La decisione dei cinque senatori, sottoscritta da altri 35 loro colleghi, nasce dal fatto che il ddl è stato sottratto all’esame della Commissione Giustizia, “inficiandone in radice la legittimità” e quindi “ponendosi in contrasto con l’articolo 72 della Costituzione e con le regole che sovrintendono al procedimento di formazione delle leggi”. In questo modo – denunciano i firmatari del ricorso – è stato impedito loro di svolgere il ruolo di senatori, contravvenendo alle “essenziali funzioni e prerogative proprie di ciascun parlamentare”.
Fa discutere tuttavia il modo con cui Pietro Grasso ha liquidato l’iniziativa in questione. Il presidente del Senato ha definito il ricorso un “espediente da Azzeccagarbugli”, nonché “una pessima idea”, ricorrendo così all’ironia, in riferimento al nome del Movimento creato da Quaglieriello.
Quest’ultimo si è servito a sua volta di un gioco di parole per rispondere a Grasso: “Pensa di cavarsela con una battuta, quando invece mi sarei aspettato che entrasse nel merito delle nostre contestazioni sulla violazione dell’articolo 72 e provasse a difendere il suo operato. Così facendo dimostra che della Costituzione e dello stesso regolamento del Senato il presidente Grasso non ha nemmeno idea“.

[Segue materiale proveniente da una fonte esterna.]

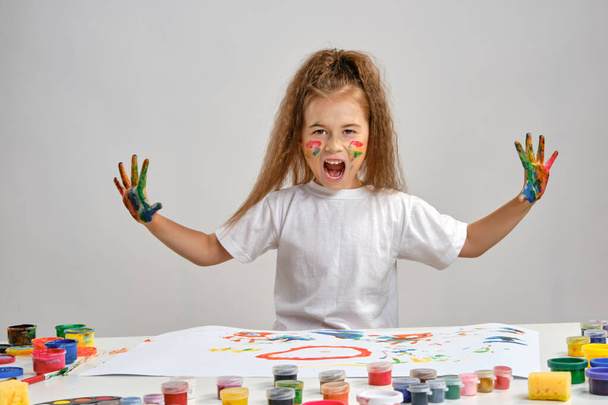 Little girl in white t-shirt sitting at table with whatman and paints on it, posing with painted face and hands. Isolated on white. Medium close-up. - Photo, Image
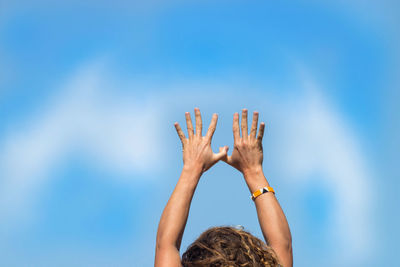 Woman with arms raised against blue sky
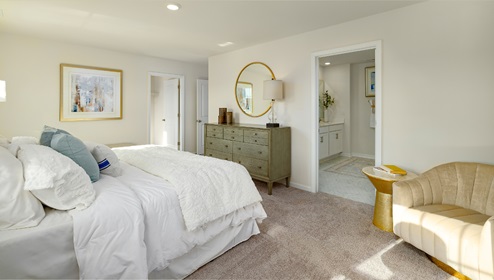 Primary bedroom, carpeted with two large windows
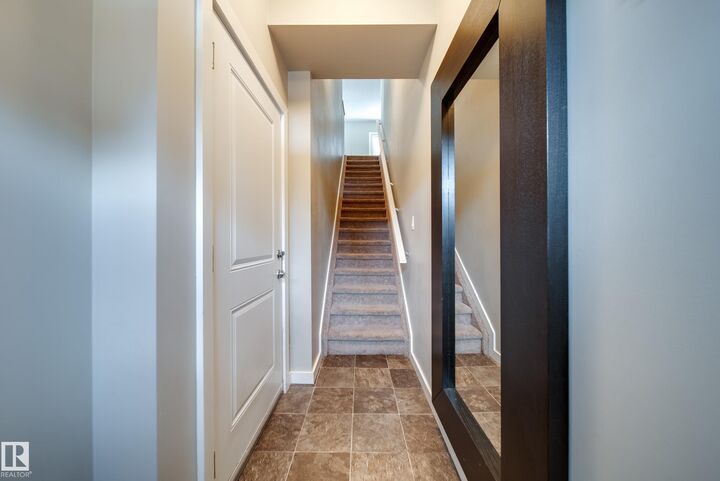 Property Photo: 2803 James Mowatt Trail SW 1 AB T6W 2P5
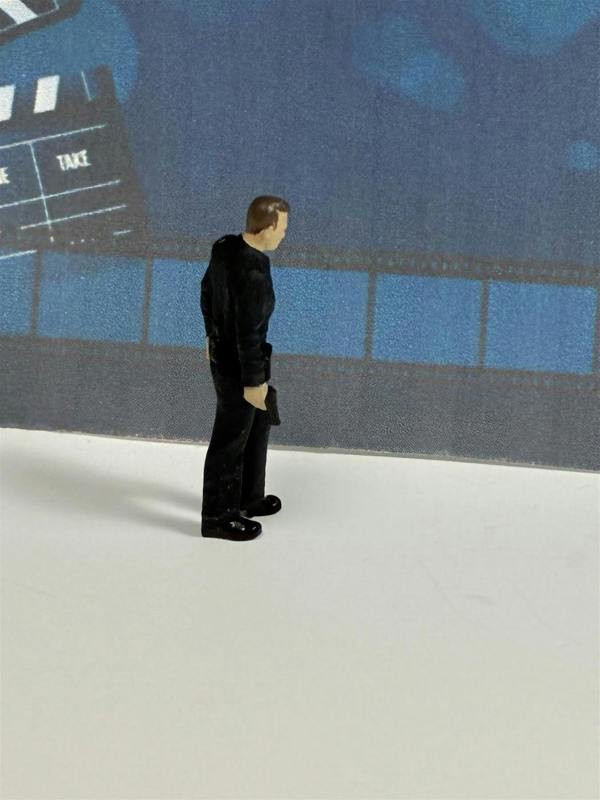 a toy figure of a man standing in front of a blue wall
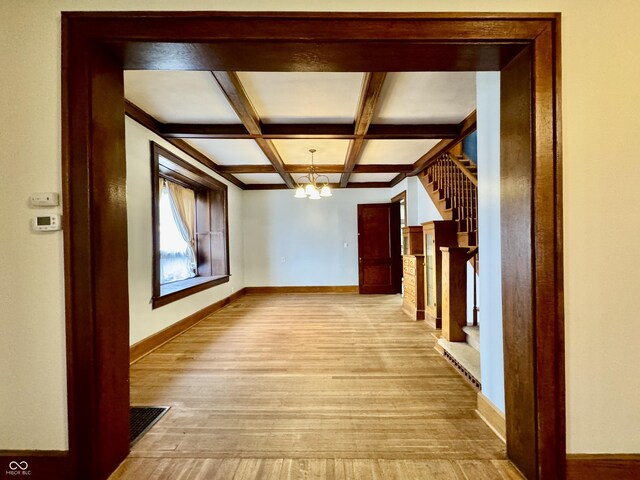 308 W Walnut St, Brownstown, IN 47220 - hallway with a chandelier, baseboards, light wood finished floors, beamed ceiling, and coffered ceiling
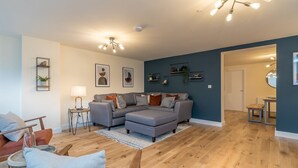 A modern living room with a sectional sofa, a small side table, and a lamp. There are framed pictures on the wall and a ceiling light fixture.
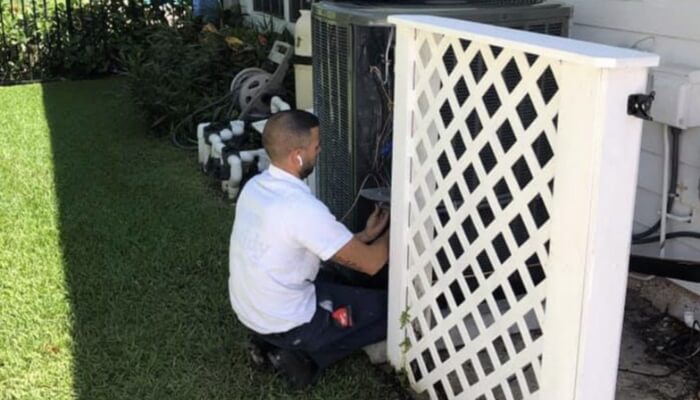 Hvac Technician Performing Maintenance On Condensor Hvac Technician Performing Maintenance On Condensor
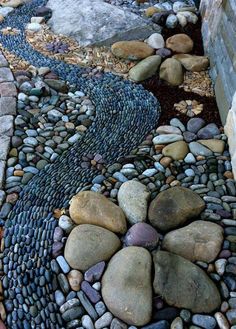 a garden path made out of rocks and stones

Uno dei promotori del ricorso, Luigi Compagna, intervistato da ZENIT, ha definito “inelegante” l’uscita di Grasso. “Da parte di un collega, ci si può anche aspettare un’espressione di questo tenore – spiega -. Ma se usata dal presidente del Senato, chiamato in causa sul principio della libertà di funzioni e di prerogative del singolo parlamentare, mi sembra una caduta di tono”.
La questione del ricorso è già diventata materia di dibattito tra costituzionalisti. Uno di loro, Stefano Ceccanti, citando a conferma della propria tesi la legge 87/1953, ha sottolineato in un’intervista a L’Espresso che “il conflitto di attribuzione tra poteri dello Stato non può essere proposto da parte di un gruppo di parlamentari, ma semmai dal Senato, o dalla Camera, nel suo insieme”. Dunque, l’iniziativa dei cinque senatori rischia di essere inutile?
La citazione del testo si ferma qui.